Problem requirements:
The needed output is the run of lines below from the one containing "Shopify multi-variant images." through the one containing "Hello friends, today", copied exactly and free of pictures.

[Opening The data section]

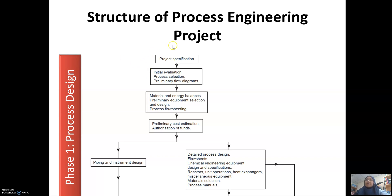This is basically a process flow that happens at the beginning of a plant design project. First of all, when we need to design any plant or factory, we need to have a project specification — essentially, what are we going to design? What is the factory for? What will it produce? What is the product?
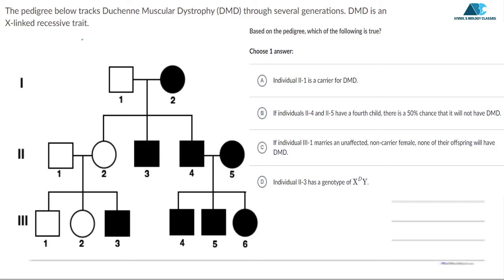Hi everyone, I hope you all are good and well. Let's start with today's question, which is based on a pedigree. The question is: the pedigree below tracks Duchenne Muscular Dystrophy.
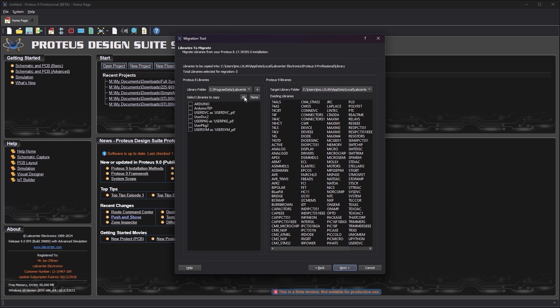Select the libraries you wish to migrate, switching locations as needed until you have everything you want selected. Libraries with the same name as in Proteus 9 will have a P8 suffix after migration.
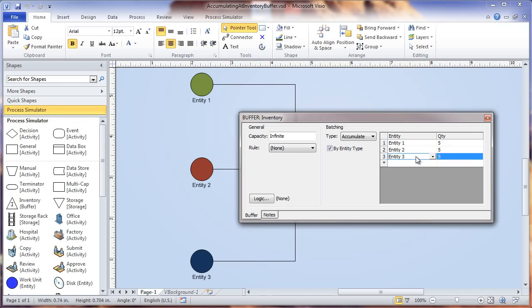The release of one group of entities does not wait until all the entity groups have been accumulated. That's how the batching and accumulate work at an inventory buffer, and that's how you use the by entity type option within the batching field.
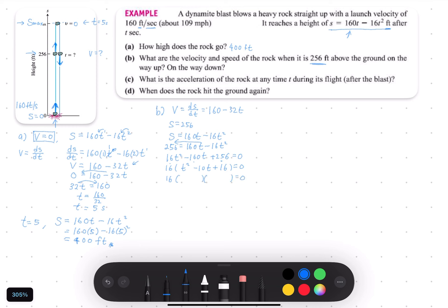We continue to factorize the bracket into two factors. For T squared we use T and T. For 16, the possible combinations are 1×16, 2×8, and 4×4. We choose 2 and 8 because the middle term is 10, and 2 plus 8 equals 10. Both are negative: (T minus 2)(T minus 8), since negative 2 times negative 8 gives positive 16, and we have now fully factorized the expression.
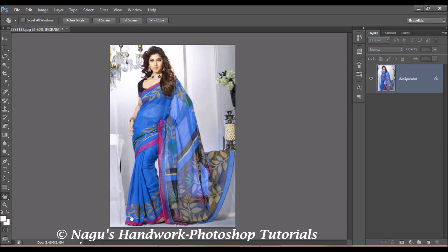Welcome to all. In today's Photoshop tutorial we will see how to change the dress color without any change in the facial tone. So open an image — a photo for which you want to change the dress color.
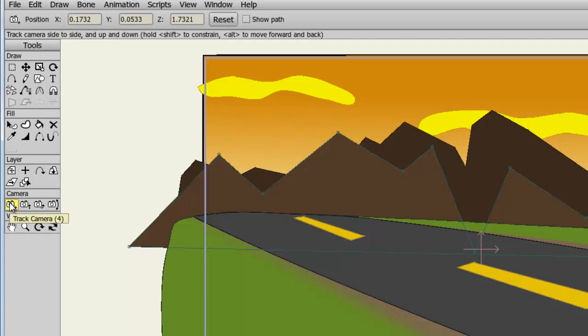And for the track camera, you can adjust the X, Y, and Z properties numerically. X will bring the camera horizontally. Y will bring it vertically. And Z will bring the camera in and out depth-wise in your project. So if you want to bring the camera closer to the mountains, you could do so by using the Z properties. And of course, you can also reset at any time, just like you can any other tool.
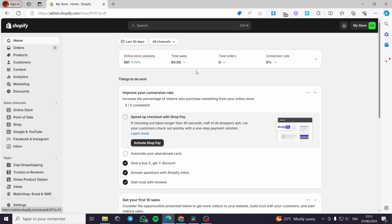Shopify multi-variant images. Hello guys and welcome to this new tutorial. Today I am going to show you how you can add the variant images to your Shopify products. The first thing you have to do is to set up your Shopify account and select the plan that you are going to work with.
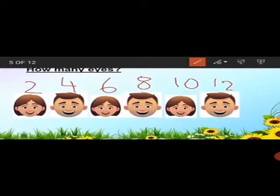Now class, tell me how many ears do they have altogether. One interesting thing is that ears also come two in number, so they also have twelve ears altogether.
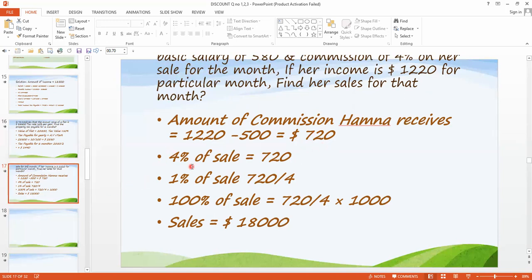Here we have to use the unity method. What is the commission rate? That is 4%. So for 4% of sale, she will get $720. This total income is $1,220, but $500 is also included which is fixed and is not a part of commission. So firstly we subtracted it. Then we find that on 4% of sale, she will get $720.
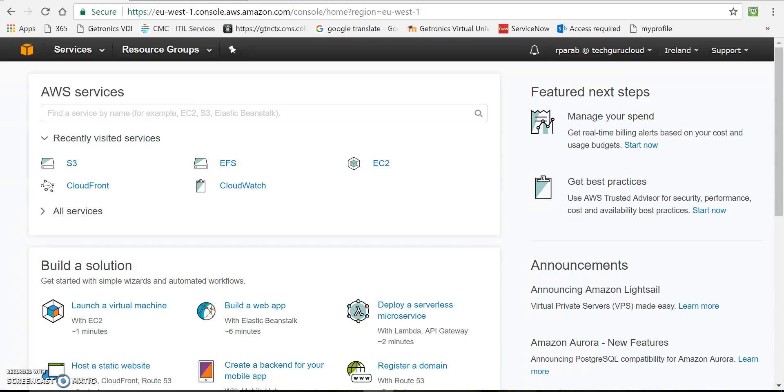Hello friends, today we are going to see how to host a static website on Amazon S3. S3 means simple storage service.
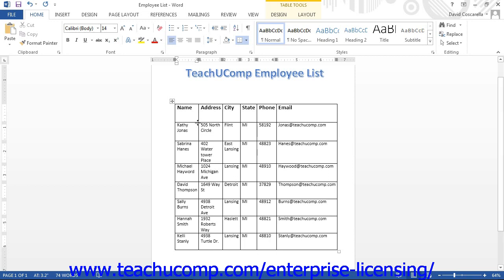For example, you may have columns such as name, address, city, state, phone, and email. You would then create a new row for each entry — in this case, each person — filling in each column with the information, continuing the previous example.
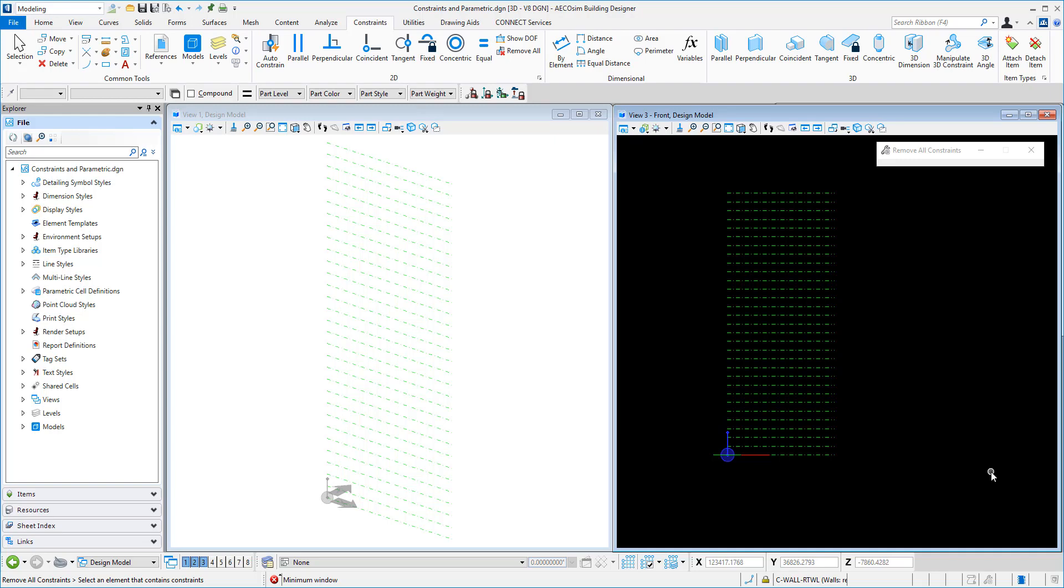Okay, let's have a look at how we can use a bit of constraint modeling and some of the history-based parametric design in popping on the side of a tower some cladding panels.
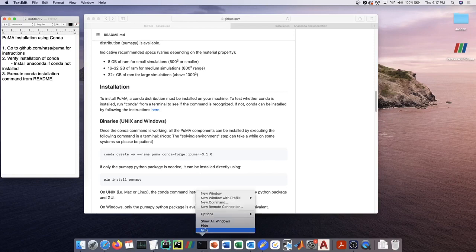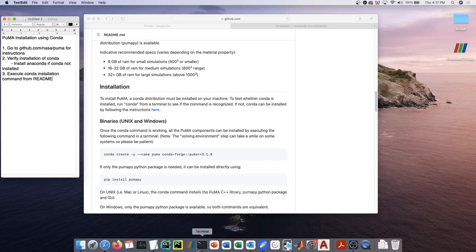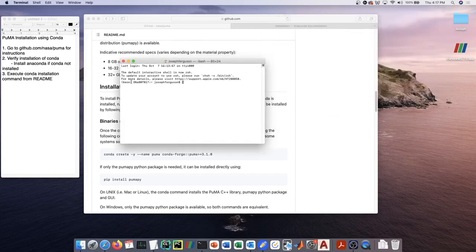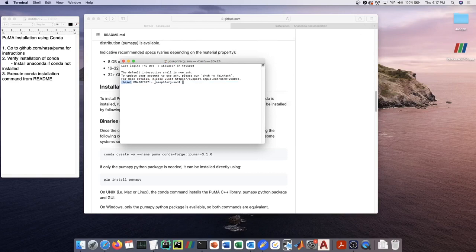The way to know if you have conda installed is to open up a terminal. Once you've opened the terminal, you'll see on the left-hand side next to your username 'base' if you have conda.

[Closing The data section]

Exercise answer:
Shopify multi-variant images. Hello guys and welcome to this new tutorial. Today I am going to show you how you can add the variant images to your Shopify products. The first thing you have to do is to set up your Shopify account and select the plan that you are going to work with.
Now class, tell me how many ears do they have altogether. One interesting thing is that ears also come two in number, so they also have twelve ears altogether.
Here we have to use the unity method. What is the commission rate? That is 4%. So for 4% of sale, she will get $720. This total income is $1,220, but $500 is also included which is fixed and is not a part of commission. So firstly we subtracted it. Then we find that on 4% of sale, she will get $720.
Hello friends, today we are going to see how to host a static website on Amazon S3. S3 means simple storage service.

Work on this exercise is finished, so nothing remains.